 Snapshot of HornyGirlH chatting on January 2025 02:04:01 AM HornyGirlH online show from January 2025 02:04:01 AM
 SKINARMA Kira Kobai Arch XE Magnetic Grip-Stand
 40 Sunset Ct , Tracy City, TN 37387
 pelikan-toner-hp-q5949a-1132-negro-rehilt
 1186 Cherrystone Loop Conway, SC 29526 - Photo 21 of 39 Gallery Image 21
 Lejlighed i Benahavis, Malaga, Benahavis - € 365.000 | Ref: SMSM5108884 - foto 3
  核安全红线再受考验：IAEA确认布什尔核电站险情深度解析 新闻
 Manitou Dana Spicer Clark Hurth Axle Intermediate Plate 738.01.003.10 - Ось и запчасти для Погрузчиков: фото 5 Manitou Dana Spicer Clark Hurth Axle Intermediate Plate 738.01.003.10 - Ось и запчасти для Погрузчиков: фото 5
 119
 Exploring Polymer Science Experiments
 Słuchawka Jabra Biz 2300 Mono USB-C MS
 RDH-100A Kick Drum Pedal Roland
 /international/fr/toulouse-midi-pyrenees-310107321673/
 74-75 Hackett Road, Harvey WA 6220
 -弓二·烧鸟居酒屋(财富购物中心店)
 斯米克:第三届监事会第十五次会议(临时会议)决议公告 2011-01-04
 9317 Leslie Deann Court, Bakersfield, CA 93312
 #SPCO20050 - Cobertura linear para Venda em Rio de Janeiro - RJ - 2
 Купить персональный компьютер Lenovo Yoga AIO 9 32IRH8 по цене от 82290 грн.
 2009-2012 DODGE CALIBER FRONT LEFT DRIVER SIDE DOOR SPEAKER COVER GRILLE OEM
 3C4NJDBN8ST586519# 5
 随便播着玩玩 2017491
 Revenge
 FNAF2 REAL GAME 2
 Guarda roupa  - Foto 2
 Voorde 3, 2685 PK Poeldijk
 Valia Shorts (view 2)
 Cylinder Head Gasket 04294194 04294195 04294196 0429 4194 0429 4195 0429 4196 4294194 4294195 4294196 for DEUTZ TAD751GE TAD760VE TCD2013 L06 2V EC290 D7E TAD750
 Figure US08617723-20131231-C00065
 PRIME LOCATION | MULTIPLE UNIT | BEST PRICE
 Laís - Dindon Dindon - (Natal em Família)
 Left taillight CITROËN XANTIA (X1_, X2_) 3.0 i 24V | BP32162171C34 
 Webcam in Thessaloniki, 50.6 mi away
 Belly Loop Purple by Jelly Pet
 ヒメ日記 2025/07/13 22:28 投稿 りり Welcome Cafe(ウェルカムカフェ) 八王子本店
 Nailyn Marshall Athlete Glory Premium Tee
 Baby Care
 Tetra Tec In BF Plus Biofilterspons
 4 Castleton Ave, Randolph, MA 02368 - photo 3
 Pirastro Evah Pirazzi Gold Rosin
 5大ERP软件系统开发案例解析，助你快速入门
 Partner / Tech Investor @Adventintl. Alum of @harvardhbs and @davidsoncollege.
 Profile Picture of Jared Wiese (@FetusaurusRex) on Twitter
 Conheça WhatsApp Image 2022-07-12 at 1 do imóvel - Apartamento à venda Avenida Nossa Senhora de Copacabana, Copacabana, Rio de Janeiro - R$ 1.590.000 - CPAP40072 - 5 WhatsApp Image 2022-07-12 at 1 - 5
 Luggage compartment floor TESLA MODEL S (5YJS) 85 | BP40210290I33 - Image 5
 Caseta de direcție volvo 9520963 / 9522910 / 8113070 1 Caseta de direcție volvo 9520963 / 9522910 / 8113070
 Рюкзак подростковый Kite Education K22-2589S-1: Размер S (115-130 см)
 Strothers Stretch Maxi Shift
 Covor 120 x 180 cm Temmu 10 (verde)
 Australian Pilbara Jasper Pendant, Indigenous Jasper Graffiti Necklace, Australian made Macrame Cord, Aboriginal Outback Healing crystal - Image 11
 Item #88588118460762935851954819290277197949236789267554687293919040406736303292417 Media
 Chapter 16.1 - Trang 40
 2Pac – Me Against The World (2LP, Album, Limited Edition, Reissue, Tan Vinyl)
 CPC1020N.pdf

**Work item:** Search the entries above for the word "Loop", and copy every line where it occurs.

**Written response:**
 1186 Cherrystone Loop Conway, SC 29526 - Photo 21 of 39 Gallery Image 21
 Belly Loop Purple by Jelly Pet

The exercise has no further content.